Stability and Robustness: The variance of DPSO-GA results is 95.7% lower than DPSO and 79.9% lower than GA. Similarly, its standard deviation is drastically reduced by 79.3% and 55.2% compared to DPSO and GA, respectively. This signifies remarkably lower result dispersion and higher run-to-run consistency.
Reliability: The width of the 95% confidence interval for the mean fitness of DPSO-GA is only 20.7% of DPSO’s and 44.8% of GA’s, reflecting a much more precise and reliable performance estimate.
In summary, the DPSO-GA hybrid algorithm successfully achieves a dual optimization of “precision-stability.” It overcomes the poor solution quality and high variability of standard DPSO while also mitigating the performance fluctuations associated with GA. This makes it particularly suitable for solving the complex, constrained task allocation problems inherent to swarms of UAV drones.
4. Conclusion
This paper addressed the challenging problem of task allocation for reconnaissance-strike integrated UAV drones swarms under realistic operational constraints. A detailed mathematical model was formulated, incorporating target prioritization, resource limitations, and crucially, the temporal dependency between reconnaissance and strike actions. To solve this model effectively, a novel hybrid DPSO-GA optimization algorithm was proposed. Its key innovations include a two-layer particle encoding scheme that naturally represents complex multi-drone, multi-task mappings, a discrete update mechanism blending mutation and crossover operators from GA with the guided search of PSO, and adaptive parameter tuning strategies for inertia weight and learning factors.

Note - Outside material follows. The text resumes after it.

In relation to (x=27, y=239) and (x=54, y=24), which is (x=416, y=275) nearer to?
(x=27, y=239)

Simulation results confirm that the algorithm can generate feasible and efficient allocation plans that satisfy all hard constraints. More importantly, comparative statistical analysis against standard DPSO and GA algorithms demonstrates that the DPSO-GA hybrid achieves significantly superior performance in terms of convergence accuracy, solution stability, and operational reliability. It provides a robust and effective methodological reference for solving multi-objective, multi-constraint task planning problems in the context of intelligent UAV drones swarm operations. Future work may involve extending the model to handle dynamic target appearances, heterogeneous drone capabilities, and more sophisticated path planning integration under threat environments.